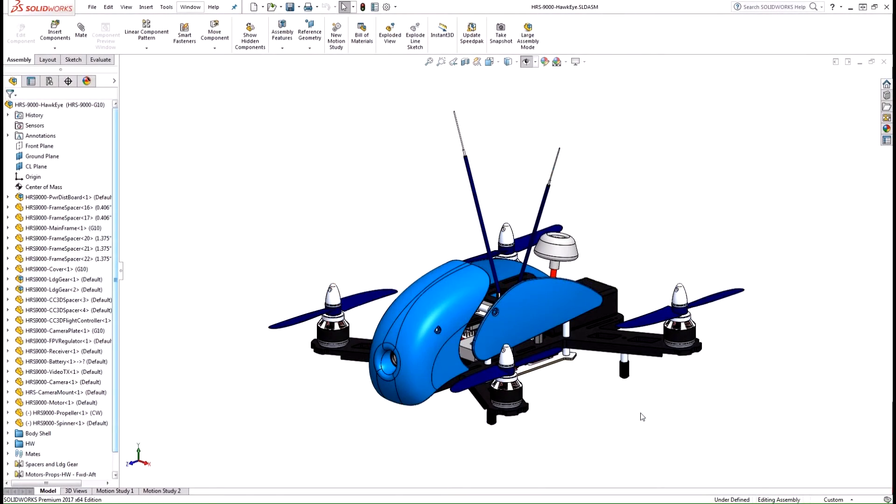Hi everyone, my name is Gabe Cresoligo and I'm an applications engineer here at SolidWorks Systems. In this video I'm going to talk about the new enhancements to the section views in SOLIDWORKS 2017.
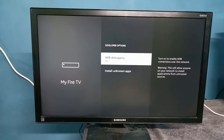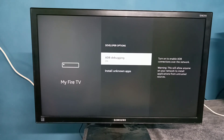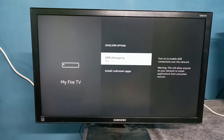On the right side you can see the message: 'Turn on to enable ADB connection on the network.' So there is a warning — this will allow anyone on your network to install applications from untrusted sources. So this way we can turn on or off ADB debugging. Please try it.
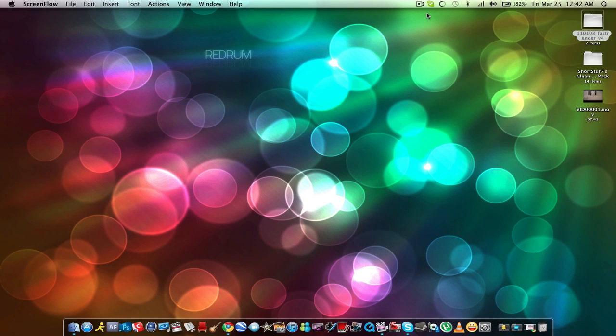What it do everyone, this is Red and I am making a video tutorial today. This video tutorial is going to be on how to fix lag on Minecraft, specifically for Mac — not really, but this can also help PC users.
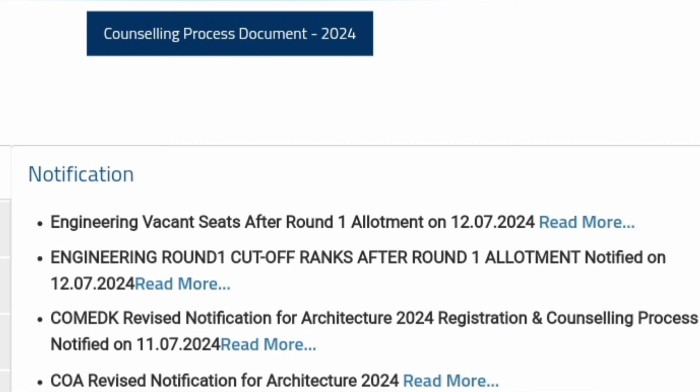First, for architecture students, they have got a revised notification about the registration and counseling process — they can look into those PDFs. For engineering students, KometK has now come up with cutoff ranks after round one seat allotments. I will share the link now.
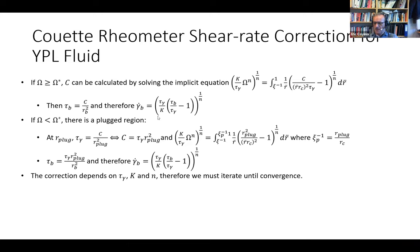Since all these calculations depend on knowing the Herschel-Buckley parameters tau_y, k, and n, this is an implicit definition. We inject initial guesses for tau_y, k, and n; calculate the new shear rate using this method; recalculate tau_y, k, and n; and continue until convergence. When converged, we obtain corrected values for the actual rheological behavior of the fluid.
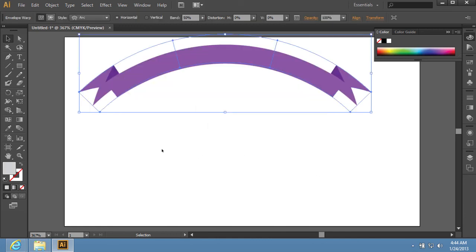As you can see, the ribbon has been successfully created with Adobe Illustrator tools.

※

== Activity ==
Copy exactly what appears in the entries, beginning with the first line and ending with the line that has "On the right", but not the pictures.

== Output below ==
Hi everyone, my name is Gabe Cresoligo and I'm an applications engineer here at SolidWorks Systems. In this video I'm going to talk about the new enhancements to the section views in SOLIDWORKS 2017.
On the right side you can see the message: 'Turn on to enable ADB connection on the network.' So there is a warning — this will allow anyone on your network to install applications from untrusted sources. So this way we can turn on or off ADB debugging. Please try it.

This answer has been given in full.